LombokPost – DPRD NTB mendorong pemprov untuk serius menindaklanjuti mega proyek jalan nasional port to port dari Pelabuhan Lembar, Lombok Barat, menuju Pelabuhan Kayangan, Lombok Timur.
Oleh karena itu dewan mendukung penuh agar proyek infrastruktur itu mulai dianggarkan di APBD 2026.
Sekretaris Komisi IV DPRD NTB Hasbullah Muis Konco mengatakan sudah ada anggaran port to port di Dinas Pekerjaan Umum, Penataan Ruang, Perumahan dan Kawasan Permukiman (PUPRPKP) NTB. Nominalnya mencapai Rp 22 miliar.
Peruntukkannya terdiri dari Rp 2 miliar untuk studi AMDAL, serta masing-masing Rp 10 miliar untuk Detail Engineering Design (DED) dan pembebasan lahan.
"Anggaran port to port sudah masuk. Baru bisa kita anggarkan Rp 22 miliar tahun ini," kata Konco, sapaan karib Hasbullah Muis Konco, Jumat (23/1).
Disampaikan, nilai anggaran itu memang terbilang kecil untuk total kebutuhan jalan port to port Lembar-Kayangan yang mencapai sekitar Rp 3 triliun lebih.
Tapi menurutnya, pemprov perlu menunjukkan keseriusan dengan mulai terlebih dahulu menganggarkan sebagian kebutuhan.
"Anggaran pusat memang belum dapat informasi. Tapi biasanya kalau pemda sudah menyiapkan maka akan segera disusul oleh pemerintah pusat," ujar Konco.
Termasuk untuk pembebasan lahan. Anggaran Rp 10 milyar yang disiapkan di APBD tahun ini terbilang masih kecil.
Karena dibutuhkan banyak sekali pembebasan lahan. Rencana pembebasan lahan yang akan dilalui port to port akan dimulai dari wilayah Lombok Barat dulu. "Pembebasan lahan juga kita lakukan bertahap," paparnya.

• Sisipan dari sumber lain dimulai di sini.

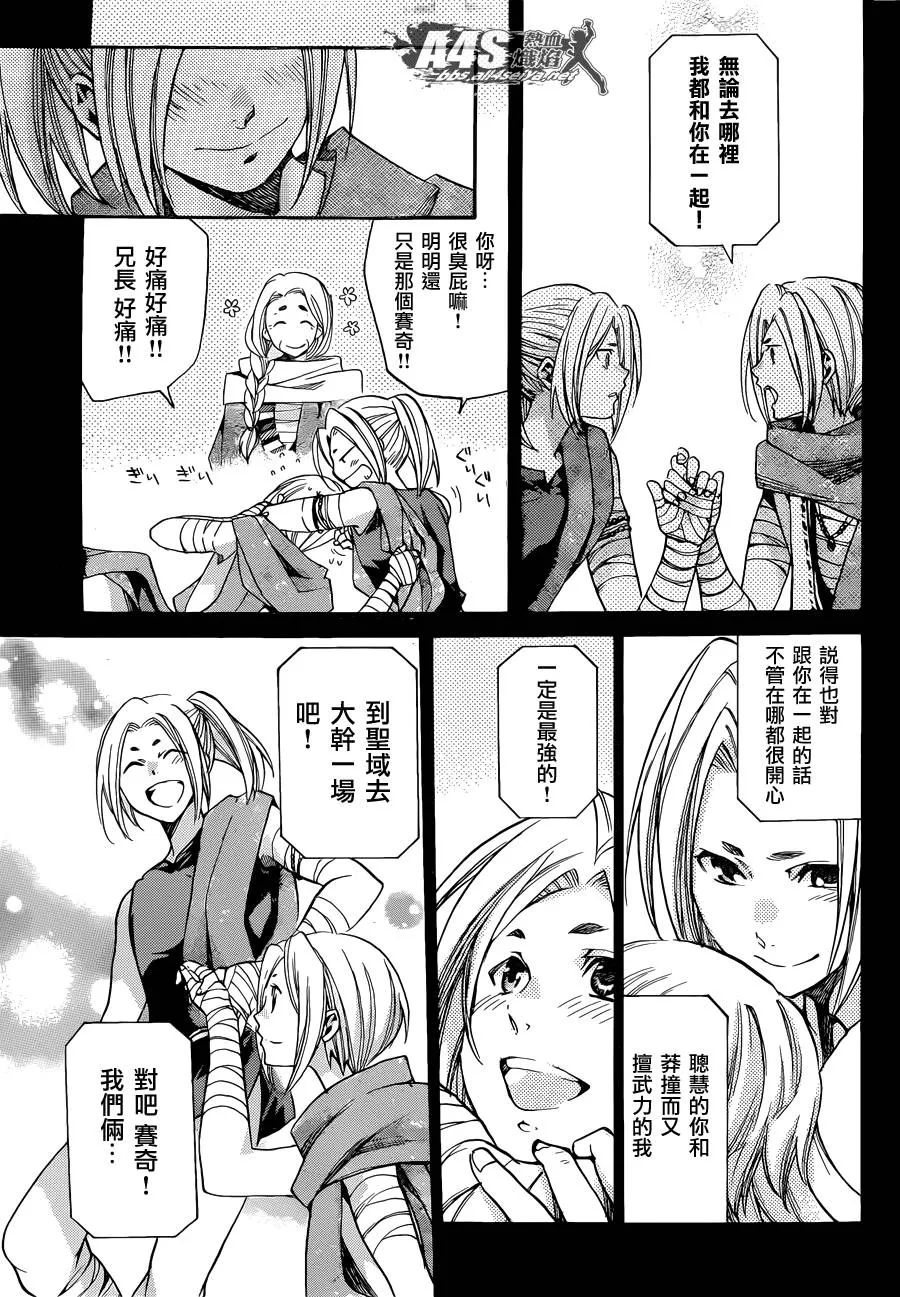 老双子篇2 第7页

Wakil Ketua Komisi IV DPRD NTB Sudirsah Sujanto optimistis jalan bypass Lembar-Kayangan bisa terealisasi.
DPRD bersama eksekutif sudah beberapa kali menggelar rapat kerja konsultasi ke Direktorat Jenderal (Ditjen) Bina Marga Kementerian Pekerjaan Umum (PU).
"Hasil dari rapat kerja dengan Kementerian PU sangat positif. Intinya, port to port ini sudah ada lampu hijau. Makanya kita dukung pemprov untuk mulai dulu," kata Sudirsah.
Dengan mulai dianggarkan dalam APBD tahun ini, mega proyek por to port diharapkan bisa berjalan sesuai harapan.
Sebab dari schedule yang ditetapkan, memang proyek ini tahapannya mulai dari 2026. Dan pekerjaan fisik diharapkan bisa tuntas sampai 2029.
"Secara bertahap ini dilakukan. Pemprov kita harapkan aktif berkoordinasi dengan pemerintah pusat maupun pemerintah daerah. Khususnya daerah yang dilalui, yaitu Pemkab Lobar, Pemkab Loteng dan Pemkab Lotim," papar Sudirsah.
Anggota Komisi IV DPRD NTB Syamsul Fikri menambahkan proyek infrastruktur bisa menjadi solusi untuk mengurai kemacetan di jalur lama Mataram-Kayangan.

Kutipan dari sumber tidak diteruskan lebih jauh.